Estas Diretrizes Gerais resumem a orientação essencial deste Governo e as correspondentes linhas de ação administrativa, num horizonte de planejamento de quatro anos. Constituem, portanto, o ponto de partida no processo de elaboração dos próximos orçamentos do Governo do presidente José Sarney, e inauguram os debates para a preparação do 1º. Plano Nacional de Desenvolvimento da Nova República.

A necessidade deste documento - no qual o Governo declara suas prioridades - decorre de vários fatores. Em primeiro lugar, porque na economia brasileira o desequilíbrio financeiro do setor público e o modo pelo qual se pretende corrigi-lo determinam as condições de atuação do setor privado. Depois, porque o Governo coordena políticas econômicas, monetárias e tributárias que têm impacto direto sobre as atividades industriais e agrícolas. E finalmente, porque o Governo é responsável por um volume significativo dos investimentos da economia brasileira.

A informação sobre as Diretrizes é, portanto, matéria-prima essencial para toda ação econômica do setor público e privado. A obrigação do Governo de prestar essa informação corresponde o direito do cidadão e do contribuinte de conhecer antecipadamente as metas visadas e os meios que o Governo pretende aplicar.

De outro lado, as Diretrizes são essenciais para os fins internos do próprio Governo. Máquina complexa, espalhada por todo o País, o sistema governamental requer uma orientação clara para a ação e o planejamento de seus diversos segmentos. Temos aqui, portanto, um documento administrativo e orientação.

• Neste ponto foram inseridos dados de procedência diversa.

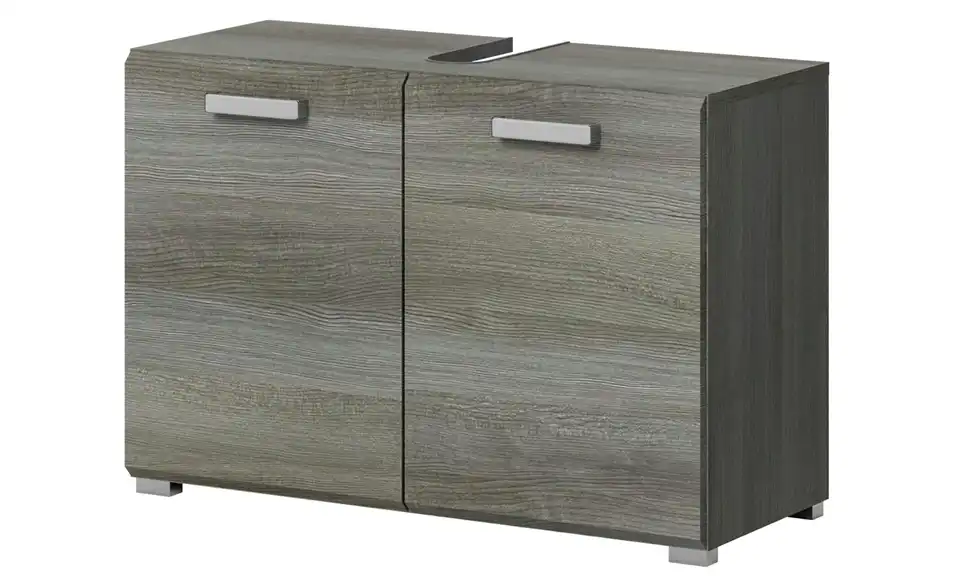 Waschbeckenunterschrank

Cabe uma ressalva nesta introdução. É forçoso reconhecer que a crise atual da economia brasileira é um constrangimento à formulação de qualquer tipo de orientação de médio e longo prazo.

O desemprego alcançou níveis inéditos. A taxa de inflação não tem precedente na história econômica brasileira. O desequilíbrio do setor externo representa enorme obstáculo à recuperação do crescimento econômico.

Nestas condições, não faz sentido formular políticas de longo alcance de forma dissociada do ataque imediato à crise atual. Assim, estas Diretrizes começam obrigatoriamente pela discussão dos gravíssimos problemas do déficit público, inflação e dívida externa. Propõe-se uma Política de Estabilização.

Em seguida, o documento apresenta as Diretrizes Econômicas de Governo, base para os Orçamentos e o 1º. PND da Nova República. As políticas de desenvolvimento industrial e agrícola, assim como as propostas de Planejamento Democrático, completam o presente documento.

A POLÍTICA DE ESTABILIZAÇÃO

A retomada sustentada do crescimento econômico só será possível com a estabilidade da economia, a redução da inflação e a correção dos graves desequilíbrios do setor público. Somente uma política de estabilização bem-sucedida poderá propiciar aumentos contínuos dos salários reais dos trabalhadores. O êxito da política de estabilização depende, por sua vez, do apoio de todas as classes e segmentos da sociedade. O Governo não deve, no entanto, solicitar tal apoio sem antes exemplificar, por sua própria conduta, a postura que aspira obter da sociedade. É necessário esclarecer a opinião pública sobre a natureza das dificuldades que o Governo enfrenta, apontar os equívocos que têm impedido o equacionamento dos problemas e estabelecer uma estratégia sólida que, socialmente respaldada, permita retomar o crescimento econômico.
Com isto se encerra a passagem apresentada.